Arcandor has applied for €650 million ($930 million) in loan guarantees and a credit line of €200 million from Berlin out of a government fund to help companies hit by Germany's worst postwar slump.

The company owns a 52-percent stake in Europe's second biggest tourism group Thomas Cook, the Karstadt chain of department stores and iconic shops such as the KaDeWe in what used to be the commercial heart of West Berlin.

On Saturday, Chancellor Angela Merkel's government agreed to support with billions of euros of taxpayers' money a takeover of General Motors' Opel unit by Canada's Magna and state-owned Russian lender Sberbank.

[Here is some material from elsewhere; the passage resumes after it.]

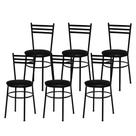 Jogo 6 Cadeiras Para Cozinha Epoxi Preta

But Merkel has since insisted that Opel was a "special case" and on Wednesday Economy Minister Karl-Theodor zu Guttenberg said that Germany "has to stick to the rules."

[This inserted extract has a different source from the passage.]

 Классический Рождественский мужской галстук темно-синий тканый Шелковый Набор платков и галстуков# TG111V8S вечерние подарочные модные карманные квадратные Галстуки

"We received today a very clear call from Brussels that Arcandor was already a company in trouble as of July 1, 2008," zu Guttenberg told reporters.

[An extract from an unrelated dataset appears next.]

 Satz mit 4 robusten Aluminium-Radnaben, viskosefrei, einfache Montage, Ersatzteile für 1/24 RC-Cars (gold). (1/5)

"This negative condition is one which would fundamentally stand in the way of Arcandor qualifying for guarantees or loans as part of this Germany Fund."

The fate of Arcandor, which employs twice as many people in Germany as Opel, has become something of a political football ahead of general elections in September.

Frank-Walter Steinmeier, Merkel's centre-left Social Democrat (SPD) challenger for the chancellorship and current vice-chancellor, said that an insolvency of Arcandor would be the worst possible solution.

Finance Minister Peer Steinbrueck, Steinmeier's SPD ally, called on zu Guttenberg - from Merkel's conservative bloc - to conduct a proper review, saying "any public pre-commitment would be wrong."

For his part, zu Guttenberg stressed that no final decision had yet been taken.